It definitely looks different than my 2019, where I got to travel a lot, act in a musical, be in a wedding, interview one of my favorite working illustrators in person, help plan/design flyers for a charity Halloween party…all those things that you can’t really do during a pandemic. It’s almost like I somehow knew what was coming and really packed a bunch into the previous year, which was lucky I suppose, because in a way I didn’t mind a slower year following up all of that.

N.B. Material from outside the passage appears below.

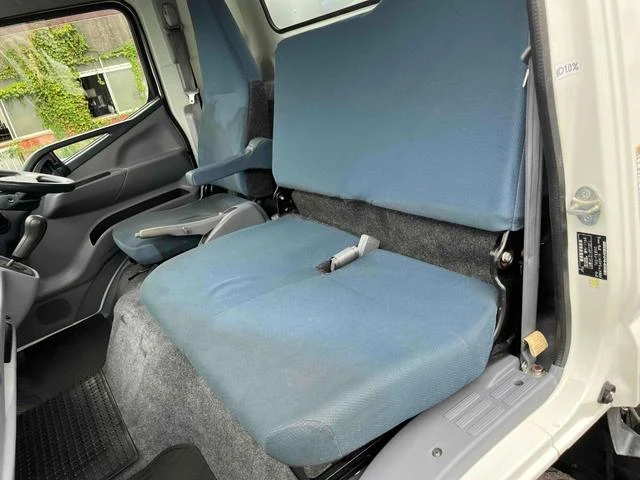 Mitsubishi Fuso CANTER 16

But while I have been lucky in so many ways, and (knock on wood) have not even had COVID, I don’t want to only talk about the bright spots without acknowledging that this year was a big struggle, even for someone like me who had it relatively easy. I graduated college on December 13th, and to be perfectly honest, I wasn’t sure I was going to be able to finish, right up to the last day of finals practically. But I did, and it still seems almost too good to be true that somehow, while I’ve already taken longer than the “typical” 4 years, I managed to finish in 2020 during a pandemic when my motivation was taking major hits from all the subconscious stresses of everything going on. I definitely had some other low-motivation years in recent memory, but this year was hard for reasons outside of myself. So, let’s do a quick recap.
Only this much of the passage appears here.